By Rhiannon Meyers: October 26, 2015
Transocean and Royal Dutch Shell struck an agreement to delay the delivery of two new ultradeep-water drillships as the offshore drilling industry cools amid a global downturn in oil prices.
The Swiss-based offshore drilling contractor announced early Monday that it would push back the operating and delivery contracts of the Deepwater Pontus and Deepwater Poseidon by one year each.
Drillships are used to hunt for new oil and gas in waters deep offshore. With oil prices refusing to budge above $50 a barrel for months, oil companies have throttled expensive offshore exploration projects as they wait for crude to rebound.

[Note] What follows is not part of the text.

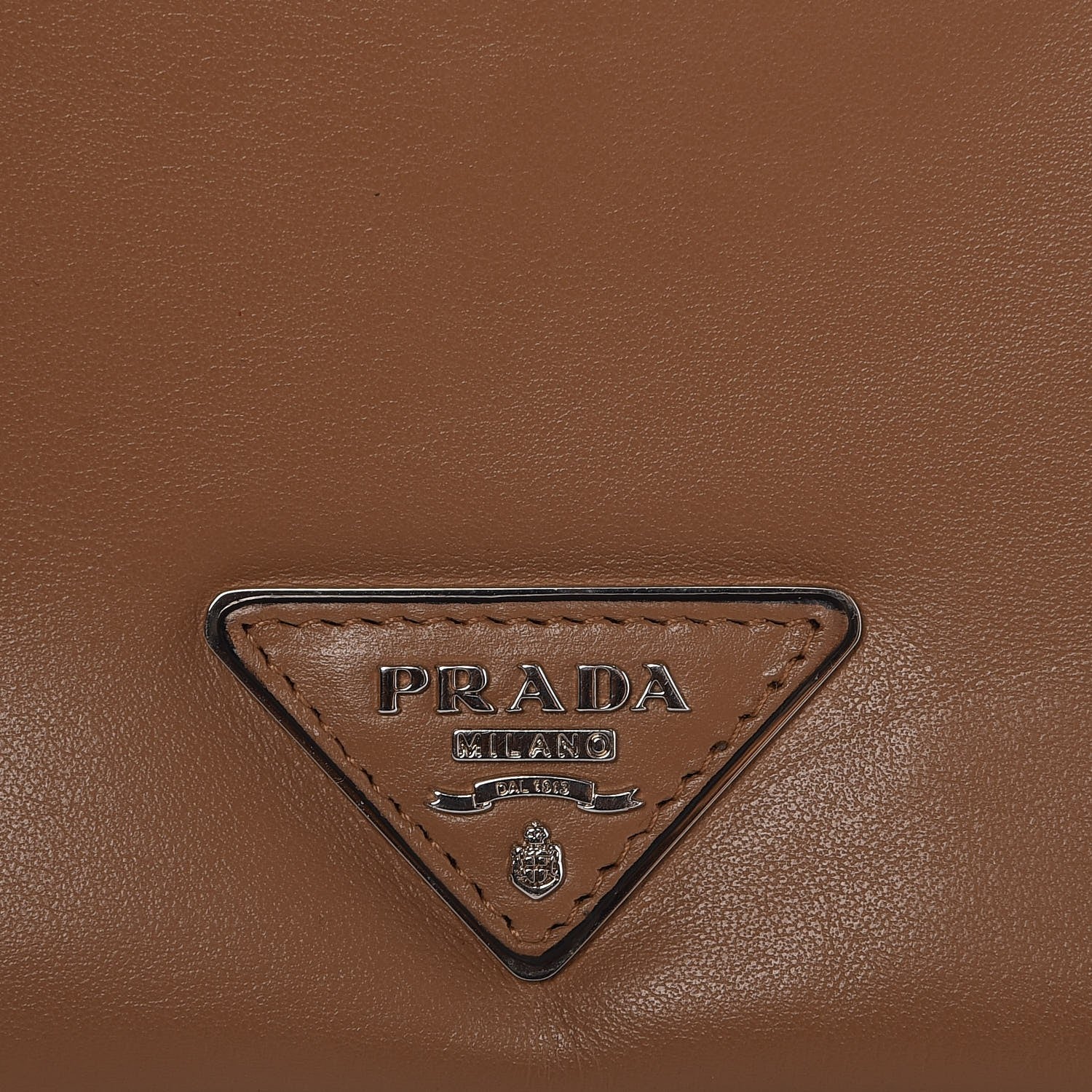 Prada Soft Calfskin Studded Zip Clutch Caramel 9 of 9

The delay will not affect the duration or day rate of the original 10-year operating contracts on each ship, Transocean said. While the company did not provide specifics of the contract terms, investment banking firm Simmons & Co. said the ships’ rates are $519,000 per day.
The agreement will also not impact two other ultradeep-water drillships contracted by Shell, Transocean said. The Deepwater Thalassa was delivered in September while the Deepwater Proteus is scheduled to be delivered in December.
“We are excited about the progress that we have jointly made with Shell on all four high-specification, ultradeep-water drillships,” Transocean President and CEO Jeremy Thigpen said in a statement.
The news provided some optimism for the battered industry, since multinational oil giant Shell, one of the world’s leading global deepwater operators, has still agreed to contract the rigs, despite the tough environment, analysts at investment banking firm Tudor, Pickering, Holt & Co. said in a note to investors Monday.
The decision also provides some immediate financial relief for Transocean, which still has more than $1 billion in remaining payments on the two rigs, Simmons & Co. analysts said. The delay gives the company more time to pay off those capital expenditures, boosting Transocean’s near-term liquidity.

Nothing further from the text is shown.